BEGIN AVAILABLE RECORDS
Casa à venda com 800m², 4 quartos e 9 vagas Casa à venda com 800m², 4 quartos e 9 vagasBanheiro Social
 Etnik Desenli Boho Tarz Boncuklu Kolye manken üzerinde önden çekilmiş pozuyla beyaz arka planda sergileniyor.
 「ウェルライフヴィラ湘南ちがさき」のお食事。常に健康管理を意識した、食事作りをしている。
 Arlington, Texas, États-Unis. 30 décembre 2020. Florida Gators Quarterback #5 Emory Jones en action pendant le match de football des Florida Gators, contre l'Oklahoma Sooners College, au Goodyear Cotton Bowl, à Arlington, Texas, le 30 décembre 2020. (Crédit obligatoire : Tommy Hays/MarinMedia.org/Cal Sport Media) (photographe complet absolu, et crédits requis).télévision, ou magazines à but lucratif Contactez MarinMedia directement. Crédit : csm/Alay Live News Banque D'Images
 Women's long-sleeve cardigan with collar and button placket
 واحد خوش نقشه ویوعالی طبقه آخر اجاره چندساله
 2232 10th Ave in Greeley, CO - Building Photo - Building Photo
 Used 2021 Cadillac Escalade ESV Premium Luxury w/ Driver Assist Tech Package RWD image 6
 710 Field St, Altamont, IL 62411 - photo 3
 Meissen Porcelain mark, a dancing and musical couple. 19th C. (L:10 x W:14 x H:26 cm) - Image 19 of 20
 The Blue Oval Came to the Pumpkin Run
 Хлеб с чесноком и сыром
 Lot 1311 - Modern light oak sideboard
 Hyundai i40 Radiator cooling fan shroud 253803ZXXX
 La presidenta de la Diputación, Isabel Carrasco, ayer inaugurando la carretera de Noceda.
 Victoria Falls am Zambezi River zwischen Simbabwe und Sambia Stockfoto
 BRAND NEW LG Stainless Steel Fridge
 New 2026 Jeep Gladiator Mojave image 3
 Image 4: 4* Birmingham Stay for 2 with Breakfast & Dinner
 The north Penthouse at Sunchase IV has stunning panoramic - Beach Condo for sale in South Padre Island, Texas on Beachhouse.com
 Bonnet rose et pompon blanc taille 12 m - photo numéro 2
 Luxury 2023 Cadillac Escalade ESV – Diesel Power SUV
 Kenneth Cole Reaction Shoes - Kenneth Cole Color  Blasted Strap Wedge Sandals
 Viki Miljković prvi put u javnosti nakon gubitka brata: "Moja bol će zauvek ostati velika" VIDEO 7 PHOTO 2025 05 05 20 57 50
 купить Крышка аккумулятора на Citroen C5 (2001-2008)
END AVAILABLE RECORDS
PROMPT:
All of the data above needs to be written out again, exactly.

RESPONSE BOX:
Casa à venda com 800m², 4 quartos e 9 vagas Casa à venda com 800m², 4 quartos e 9 vagasBanheiro Social
 Etnik Desenli Boho Tarz Boncuklu Kolye manken üzerinde önden çekilmiş pozuyla beyaz arka planda sergileniyor.
 「ウェルライフヴィラ湘南ちがさき」のお食事。常に健康管理を意識した、食事作りをしている。
 Arlington, Texas, États-Unis. 30 décembre 2020. Florida Gators Quarterback #5 Emory Jones en action pendant le match de football des Florida Gators, contre l'Oklahoma Sooners College, au Goodyear Cotton Bowl, à Arlington, Texas, le 30 décembre 2020. (Crédit obligatoire : Tommy Hays/MarinMedia.org/Cal Sport Media) (photographe complet absolu, et crédits requis).télévision, ou magazines à but lucratif Contactez MarinMedia directement. Crédit : csm/Alay Live News Banque D'Images
 Women's long-sleeve cardigan with collar and button placket
 واحد خوش نقشه ویوعالی طبقه آخر اجاره چندساله
 2232 10th Ave in Greeley, CO - Building Photo - Building Photo
 Used 2021 Cadillac Escalade ESV Premium Luxury w/ Driver Assist Tech Package RWD image 6
 710 Field St, Altamont, IL 62411 - photo 3
 Meissen Porcelain mark, a dancing and musical couple. 19th C. (L:10 x W:14 x H:26 cm) - Image 19 of 20
 The Blue Oval Came to the Pumpkin Run
 Хлеб с чесноком и сыром
 Lot 1311 - Modern light oak sideboard
 Hyundai i40 Radiator cooling fan shroud 253803ZXXX
 La presidenta de la Diputación, Isabel Carrasco, ayer inaugurando la carretera de Noceda.
 Victoria Falls am Zambezi River zwischen Simbabwe und Sambia Stockfoto
 BRAND NEW LG Stainless Steel Fridge
 New 2026 Jeep Gladiator Mojave image 3
 Image 4: 4* Birmingham Stay for 2 with Breakfast & Dinner
 The north Penthouse at Sunchase IV has stunning panoramic - Beach Condo for sale in South Padre Island, Texas on Beachhouse.com
 Bonnet rose et pompon blanc taille 12 m - photo numéro 2
 Luxury 2023 Cadillac Escalade ESV – Diesel Power SUV
 Kenneth Cole Reaction Shoes - Kenneth Cole Color  Blasted Strap Wedge Sandals
 Viki Miljković prvi put u javnosti nakon gubitka brata: "Moja bol će zauvek ostati velika" VIDEO 7 PHOTO 2025 05 05 20 57 50
 купить Крышка аккумулятора на Citroen C5 (2001-2008)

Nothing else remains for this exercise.